RBI lets foreigners open special rupee, foreign currency accounts
Mumbai: The Reserve Bank of India (RBI) on Tuesday
made investments in India easier for foreigners by allowing them to
open special rupee as well as foreign currency accounts with local
banks.
For this purpose, RBI clubbed foreign institutional investors (FII)
and qualified foreign investors (QFI) under one category called
“Registered Foreign Portfolio Investor” (RFPI).
To invest money in the domestic market, an RFPI can transfer its money from the foreign currency account to the rupee account.
After investing through the rupee account, the investment
proceeds can again be transferred to the foreign currency account for
repatriation purpose.
In both the legs, the fund will be converted at the prevailing exchange rate.
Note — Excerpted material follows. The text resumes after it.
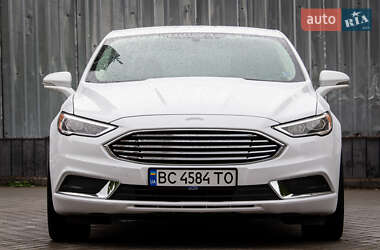 Седан Ford Fusion 2018 в 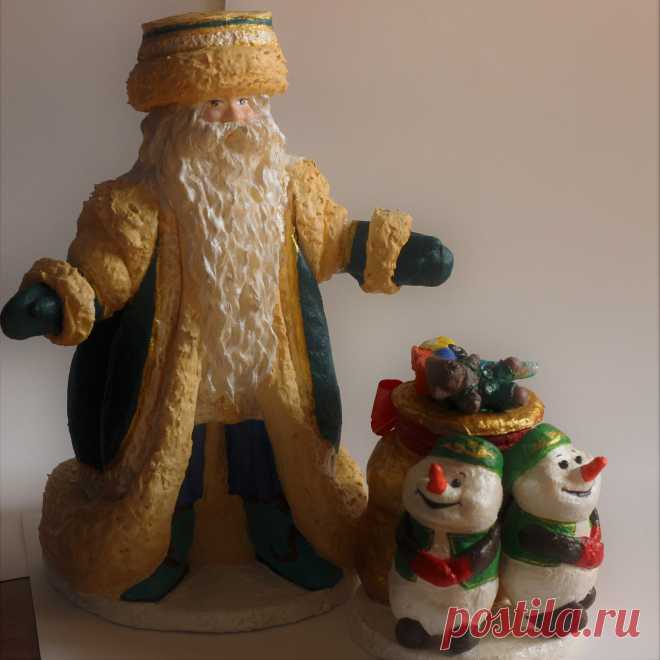 Колоритный татарский Кыш Бабай под вашу ёлочку.Переводится как «зимний дедушка».Кыш Бабай очень похож на русского Деда Мороза, но выглядит и одевается немного по-другому. Он ведь родился в Татарстане, а там любят зелёный цвет и носят тюбетейки вместо шапок.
This will cut the clutter for foreign investors who used
to avail the services of a custodian. Since the investment can be done
directly, the investor can time its entry and exit more accurately than
it could have done with third party help, said market experts.
Harihar Krishnamoorthy, treasurer, FirstRand Bank Ltd, said the move is in line with the reforms agenda of RBI.
“This will make business easier for foreign funds because
it will reduce their cost of hedging, which, in turn, will reduce
volatility in the markets and deepen participation,” Krishnamoorthy
said.
Earlier, foreign funds were not allowed to open local
bank accounts and the proceeds on sale or purchase in the local debt or
equity market would have to be kept with a custodian bank.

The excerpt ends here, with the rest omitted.